On job applications and resumes there is always a space for special skills or talents. That is also left blank for me. I don't have any special skills and while some ex-boyfriends may claim otherwise, I can't put that on a resume and I am sure there are other women who can do it better.

So somewhere in all this, I realized that I am mediocre; lacking in hobbies, specialties and strong points. I can't tutor anyone because I am not that good at English. And based on the tutor test, I may be pretty bad. I had borderline ACT/SAT scores. I only made the Dean's List twice in college. I never pursued an advanced degree. For all intents and purposes, I am a person of average intelligence that may be getting dumber as time progresses.

Look at my job: I am a fundraiser. I raise money for other people to actually achieve missions. Those who can't, fundraise.

I exude vagueness of ability.

I have average tastes...in everything.

I thought I could argue that I am a Jack of all Trades, but I don't have that many trades. So that definitely excludes me from being a Master of Anything.

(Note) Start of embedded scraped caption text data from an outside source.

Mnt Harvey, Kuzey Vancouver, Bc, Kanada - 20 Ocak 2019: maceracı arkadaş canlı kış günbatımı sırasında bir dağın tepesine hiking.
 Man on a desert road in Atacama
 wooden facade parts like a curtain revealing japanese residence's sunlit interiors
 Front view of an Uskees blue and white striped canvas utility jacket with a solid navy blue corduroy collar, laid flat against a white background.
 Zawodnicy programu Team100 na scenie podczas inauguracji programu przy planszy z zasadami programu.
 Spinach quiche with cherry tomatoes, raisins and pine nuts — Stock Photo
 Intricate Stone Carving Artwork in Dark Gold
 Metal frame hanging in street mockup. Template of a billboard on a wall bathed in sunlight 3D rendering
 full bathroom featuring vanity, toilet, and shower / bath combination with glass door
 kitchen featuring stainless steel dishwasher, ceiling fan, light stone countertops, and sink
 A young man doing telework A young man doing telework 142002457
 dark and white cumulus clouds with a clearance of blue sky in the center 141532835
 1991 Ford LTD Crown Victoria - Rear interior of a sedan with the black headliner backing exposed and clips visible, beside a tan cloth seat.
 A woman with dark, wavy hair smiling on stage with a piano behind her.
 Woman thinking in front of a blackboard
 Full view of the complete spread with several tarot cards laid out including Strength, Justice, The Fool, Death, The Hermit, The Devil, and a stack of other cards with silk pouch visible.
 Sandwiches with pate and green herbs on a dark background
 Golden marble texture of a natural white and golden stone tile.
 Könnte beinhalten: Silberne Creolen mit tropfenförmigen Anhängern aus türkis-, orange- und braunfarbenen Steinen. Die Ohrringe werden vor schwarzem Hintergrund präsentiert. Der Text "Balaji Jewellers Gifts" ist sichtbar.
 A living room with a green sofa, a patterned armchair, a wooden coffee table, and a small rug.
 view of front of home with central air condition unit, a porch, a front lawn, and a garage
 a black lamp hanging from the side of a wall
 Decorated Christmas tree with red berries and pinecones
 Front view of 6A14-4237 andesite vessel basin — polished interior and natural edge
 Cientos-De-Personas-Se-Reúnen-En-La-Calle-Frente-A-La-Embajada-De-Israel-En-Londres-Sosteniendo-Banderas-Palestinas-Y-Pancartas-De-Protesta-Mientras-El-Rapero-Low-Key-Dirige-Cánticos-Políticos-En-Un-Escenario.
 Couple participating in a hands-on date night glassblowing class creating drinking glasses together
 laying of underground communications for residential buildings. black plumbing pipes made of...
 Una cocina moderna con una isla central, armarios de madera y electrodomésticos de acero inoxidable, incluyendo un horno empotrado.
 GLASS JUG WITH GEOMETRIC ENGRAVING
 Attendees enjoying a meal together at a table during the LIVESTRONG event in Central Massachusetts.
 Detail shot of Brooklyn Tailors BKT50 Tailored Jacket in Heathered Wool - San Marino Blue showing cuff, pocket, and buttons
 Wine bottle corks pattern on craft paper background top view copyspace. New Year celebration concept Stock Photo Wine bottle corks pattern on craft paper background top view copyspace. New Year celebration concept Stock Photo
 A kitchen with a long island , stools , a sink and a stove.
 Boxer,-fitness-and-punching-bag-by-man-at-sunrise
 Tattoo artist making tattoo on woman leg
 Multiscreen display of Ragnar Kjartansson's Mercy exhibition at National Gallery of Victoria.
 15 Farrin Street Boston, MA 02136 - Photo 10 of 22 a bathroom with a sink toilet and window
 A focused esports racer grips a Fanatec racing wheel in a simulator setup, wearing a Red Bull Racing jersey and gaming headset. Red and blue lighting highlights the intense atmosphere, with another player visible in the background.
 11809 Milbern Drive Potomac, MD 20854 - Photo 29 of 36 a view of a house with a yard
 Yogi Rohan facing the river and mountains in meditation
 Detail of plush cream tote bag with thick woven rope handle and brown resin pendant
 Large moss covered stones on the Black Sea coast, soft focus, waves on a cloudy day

Unless Mediocrity can be counted. Then I would be a Master of Mediocrity.

My fantasies and aspirations of being above the pack are practically dissolved. And I guess there isn't anything wrong with that. I have discarded lofty aspirations to be remembered, honored, or recognized for greatness. I never thought I could change the world, but at some point I wanted to have an impact and I don't think that's going to happen. No buildings named after me or national holidays in my honor...not that I was expecting the Nobel Prize or anything.

There are too many people on this earth for everyone to have an impact. And don't give me that that "to the world you are one person, but to one person" crap because that's also a crock of shit. When you're mediocre, you're not remarkable to other people. They use vague references about you that reflect their ignorance of everything about you from eye color to last name.

I have been reading a lot of Brazen lately and Penelope is all about specializing and marketing yourself. Why market yourself when you have nothing to market? I am sure there is some path to knowledge that I can get on, but at this point in my life, shouldn't I be good at something? I can't market being funny, a good writer, or Black: things that I am sorta good at. Do you know how many funny, Black literate people exist in America alone? If I were smarter, I could actually tell you that number.

And it's not like mediocre people don't excel. Look at our administration. But those people have connections. And I don't have those. (See above about people not really knowing who you are.) And because I come from a long line of mediocrity, I also don't have any money to support my mediocrity.

All this serves to say that maybe, just maybe, I am good--nay--the best at being mediocre, excelling at being average and unremarkable.

I suppose that in and of itself is some sort of accomplishment. Hmph.

1 comment:

Kim said...

So for Ss and Gs I applied for that--it seems their system is whacked. They said I didn't meet the basic qualifications of a degree, US or Canadian citizenship, a computer with high speed internet, etc. I think they need to reevaluate.